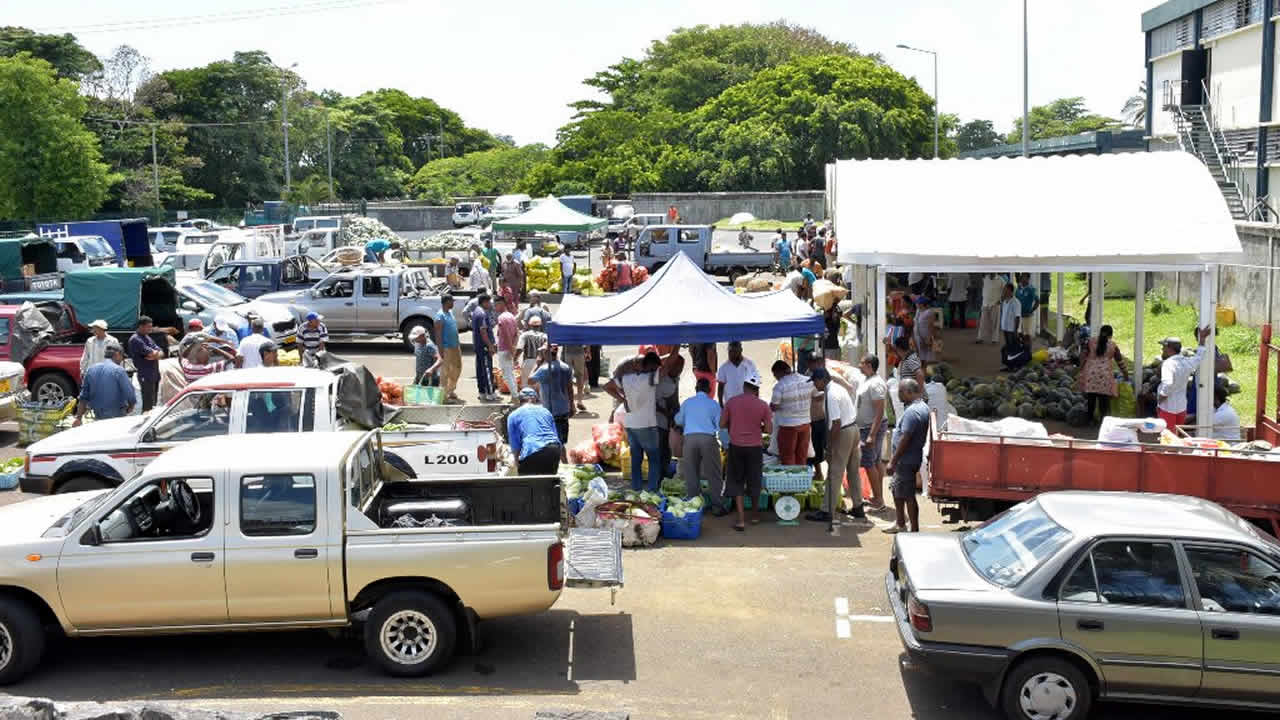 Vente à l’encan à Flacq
* * *
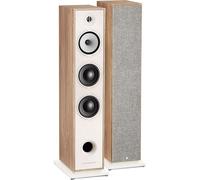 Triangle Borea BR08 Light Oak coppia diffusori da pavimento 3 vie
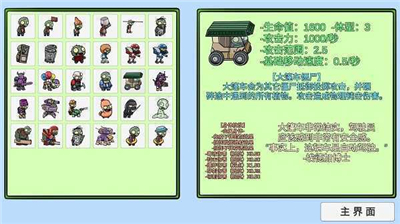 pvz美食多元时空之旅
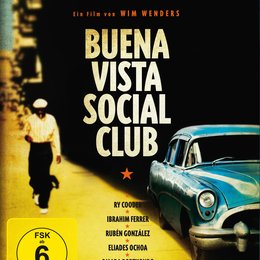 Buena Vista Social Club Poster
...
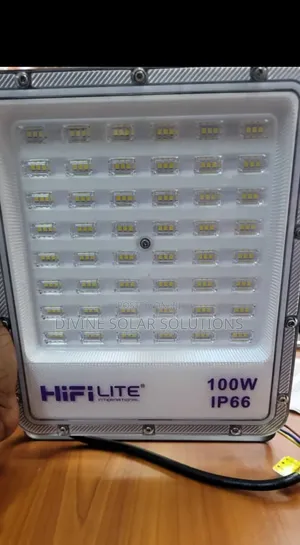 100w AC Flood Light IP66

§ **REQUIREMENT**
Everything from the line with "Triangle Borea BR08" down to the line with "Buena Vista Social Club Poster" in the data above should be copied exactly, with both end lines kept and the pictures left out.

§ **EXERCISE RESPONSE**
 Triangle Borea BR08 Light Oak coppia diffusori da pavimento 3 vie
 pvz美食多元时空之旅
 Buena Vista Social Club Poster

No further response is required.